August 24, 2001 – While teasing out the molecular signals that govern neural development in fruit flies, researchers have discovered how brain cells "remember" the order in which they are "born" from precursor stem cells. This type of molecular memory appears to determine the specific cell type the newly born cells will become and influences where in the developing brain those cells will reside permanently.
In an article published in the August 24, 2001, issue of the journal Cell, Howard Hughes Medical Institute investigator Chris Q. Doe and colleagues at the University of Oregon reported that Drosophila neural precursor cells, called neuroblasts, sequentially activate four different transcription factors. Transcription factors are proteins that activate or repress the expression of genes.
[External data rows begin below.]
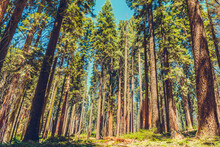 Sequoia National Park In California, USA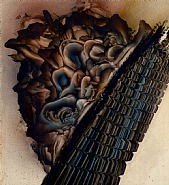 Chevauché de l'échine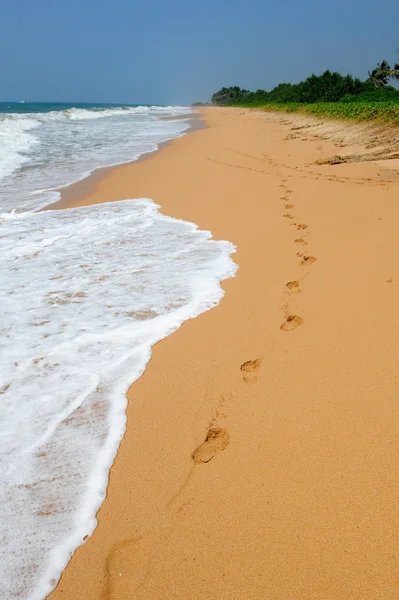 Praia tropical — Fotografia de Stock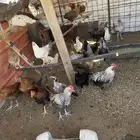 دجاج وديوك للبيع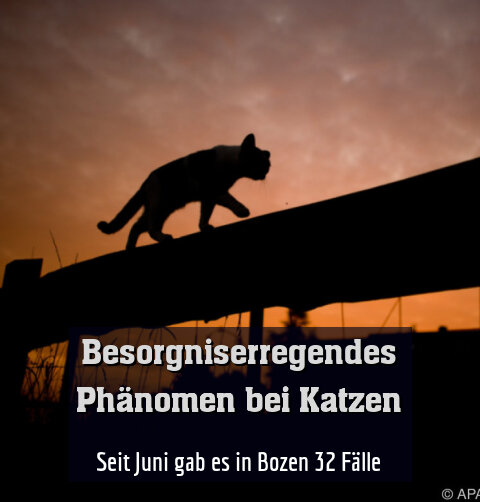 Seit Juni gab es in Bozen 32 Fälle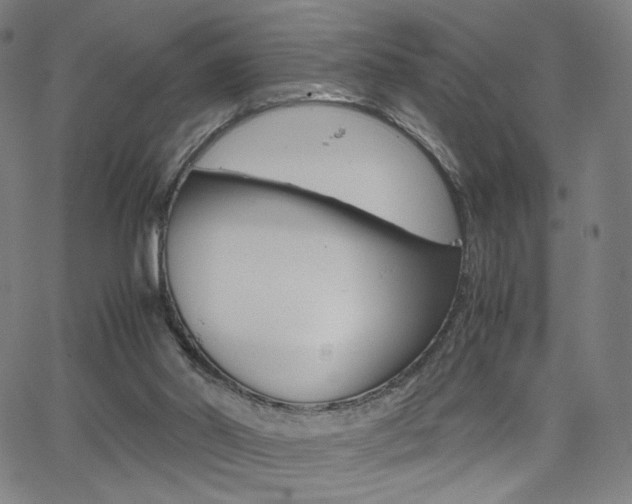 X0000063460014200601200941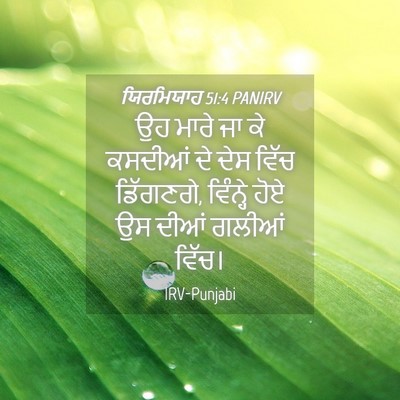 Picture 04 - ਯਿਰਮਿਯਾਹ 51:4 PANIRV - ਉਹ ਮਾਰੇ ਜਾ ਕੇ - Bible Verse Picture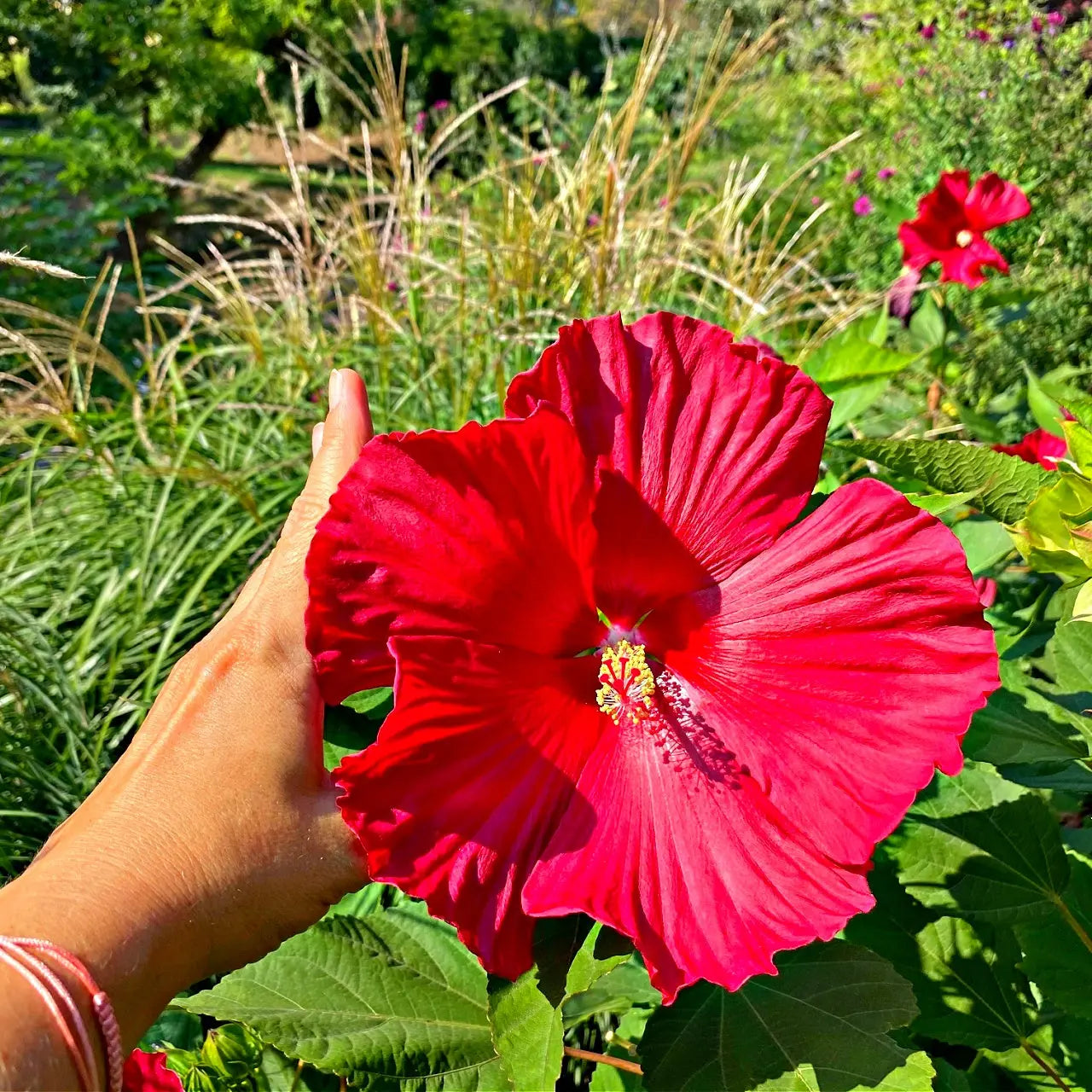 Rose Mallow: vibrant red hibiscus flower with ruffled petals and yellow center in hand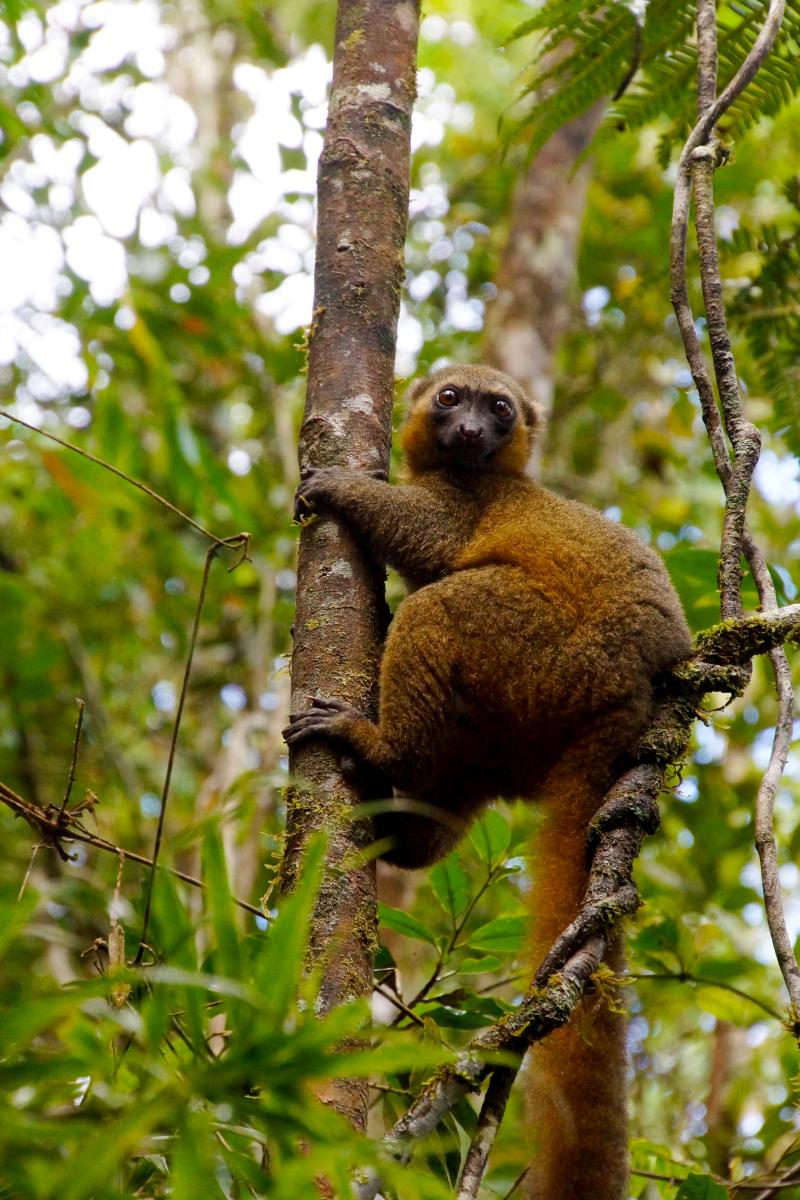 Madagaskar, Ranomafana Nationalpark, Goldenen Bambuslemur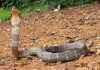 Bihar-child-bites-snake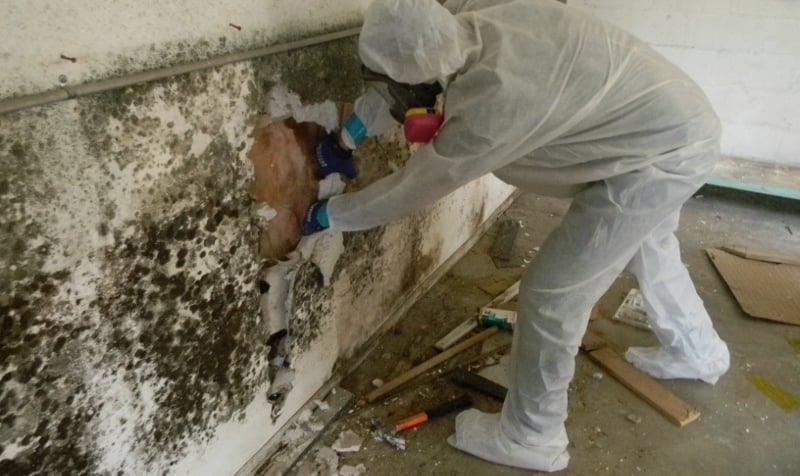 Get Instant Solution for Black Mold Remediation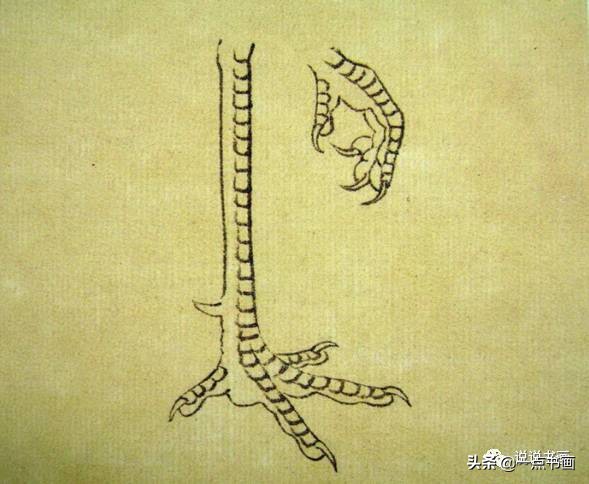 工笔国画孔雀画高清大图,工笔孔雀的画法步骤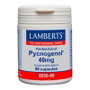 Lamberts Pycnogenol 40 mg 60 cápsulas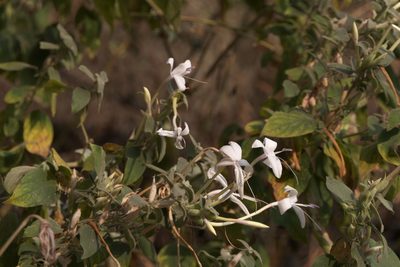 Barleria lavaniana, photographed by Dinesh Valke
This sequence of transcription factor activation allows the neuroblasts to give rise to a series of different daughter cells, which ultimately become neurons and glial cells in the fruit fly brain. The scientists found that the daughter cells continue to produce the particular transcription factor that was active in the neuroblast at the time of their birth – a "memory" that allows neurons to maintain differences based on their time of birth. For example, first-born neurons always make the longest axon projections to distant targets, compared to later-born neurons from the same stem cell.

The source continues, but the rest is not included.